Redding, who has worked for various newspapers across the country, started the website approximately 90 days after his Atlanta-based radio program aired in December of 2001.
"It is a virtual newspaper portal of sorts," he said five years ago, as he worked in his makeshift Atlanta office littered with crates full of books and news clippings. He used the office at the time to wage war with the news titans of the mainstream.
"When I started [Redding] News Review on March 25, 2002, I did it because I felt like people needed an apparatus to tackle issues that were important to them," he said.
"Blacks are the target audience of Redding News Review, because the concerns of our people are rarely addressed by the mainstream media,” Redding said.
"I don't think I can underscore enough the importance of bringing news to the forefront, which is what I believe this site does," he said. "And at the same time I think we give people ample opportunity to comment on issues through our message board without being censored by some editor."
Today, Redding works in several private offices across the globe, which are becoming more cluttered with articles of recognition from the mainstream media he initially set out to target.
"You have to have a sharp eye for news and have excellent news judgment," he said. "I think the national recognition that we have received in this short amount of time proves we have what it takes to compete with the big kids on the block."
The readers
Celeste Kieselstein-Hearn of Atlanta, who is one of more than 350 readers who log onto the growing news portal daily, says Redding News Review provides her with an overview of "many different news sources."
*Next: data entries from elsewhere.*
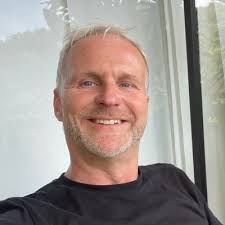 And then it was my turn!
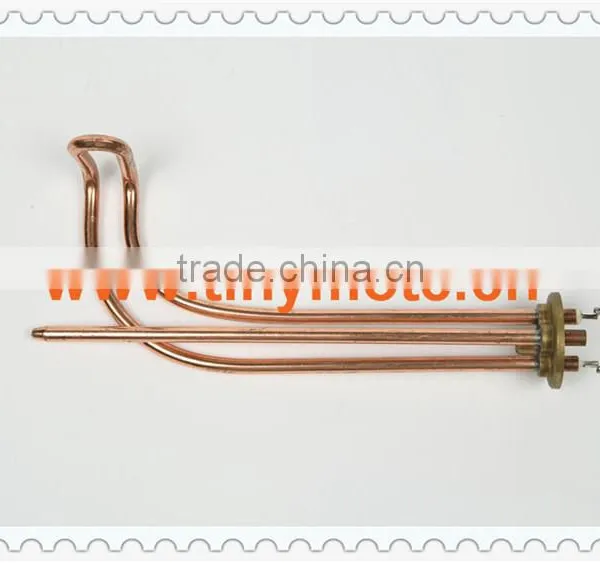 Induction Heating Machine Element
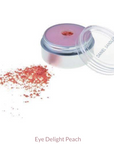 DANIEL SANDLER Eye Delight Peach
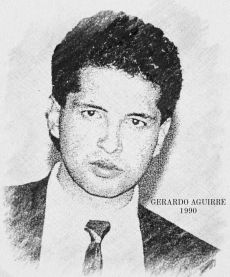 Gerardo Aguirre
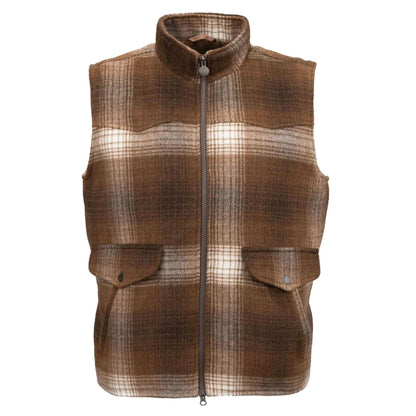 Outback Trading Mens Felix Vest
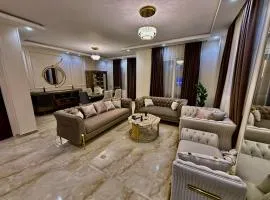 Fairy appartment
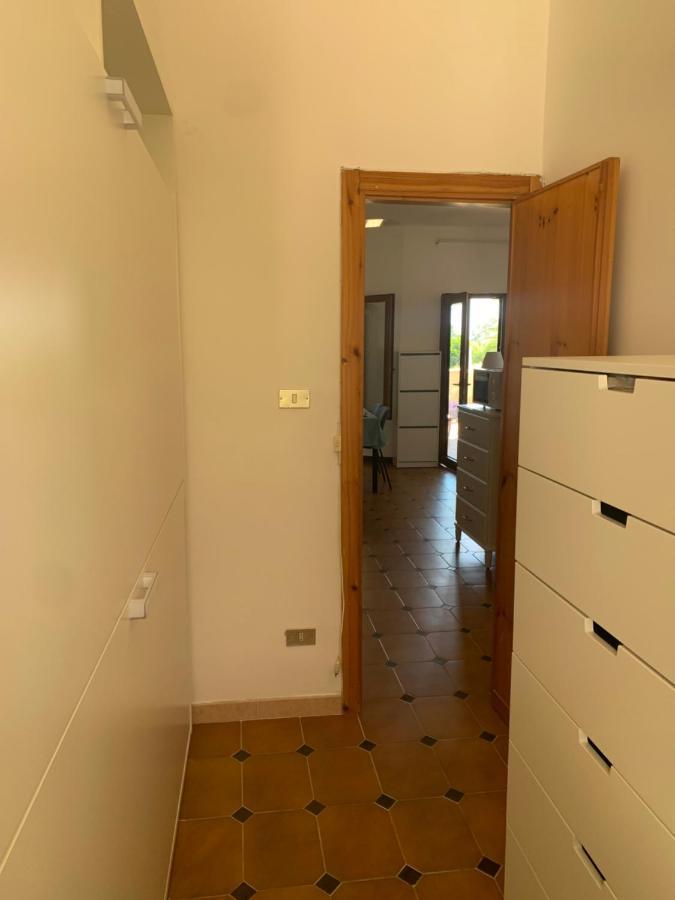Mari-Mare Home Rodi Garganico Εξωτερικό φωτογραφία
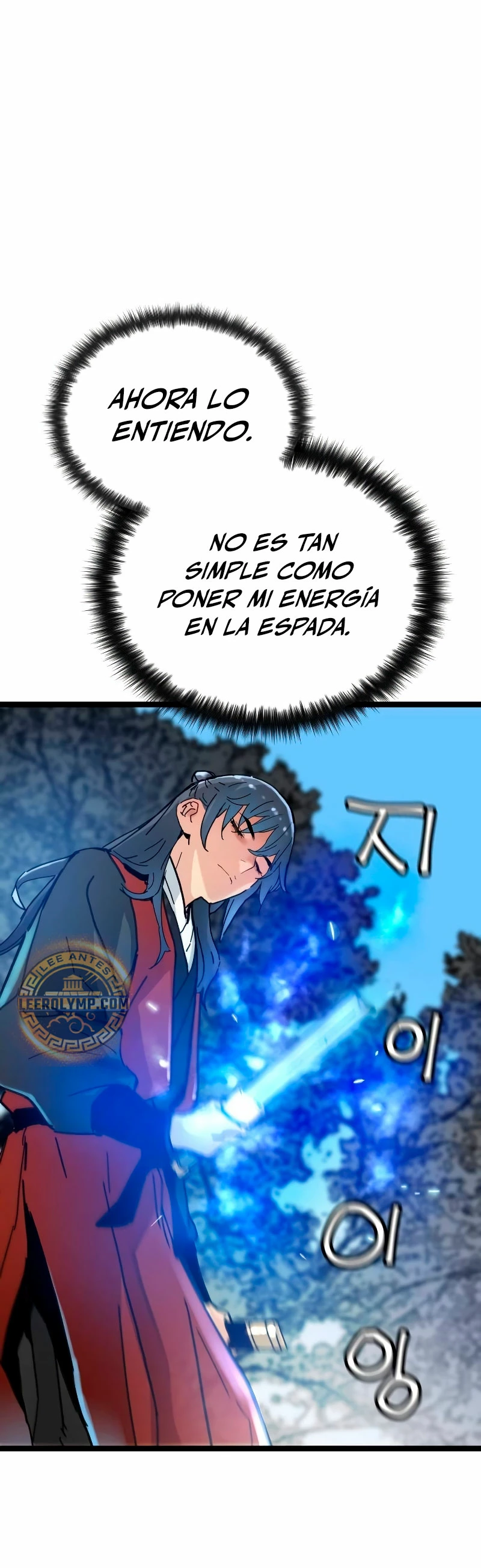 Sobreviviendo como un genio con tiempo prestado Capítulo 5 - Page 36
"Since accessing The Redding News Review, I have found it very informative and I spend a lot of time on it daily," she said.
Sean Summers, of Detroit, agreed.
"The site really keeps me up to date on things I otherwise would not have caught on my own," he said. "I especially love how it is a one stop shop for local, American and global news, sprinkled with a little entertainment ... oh, and I think the weekly podcast is the bomb too!"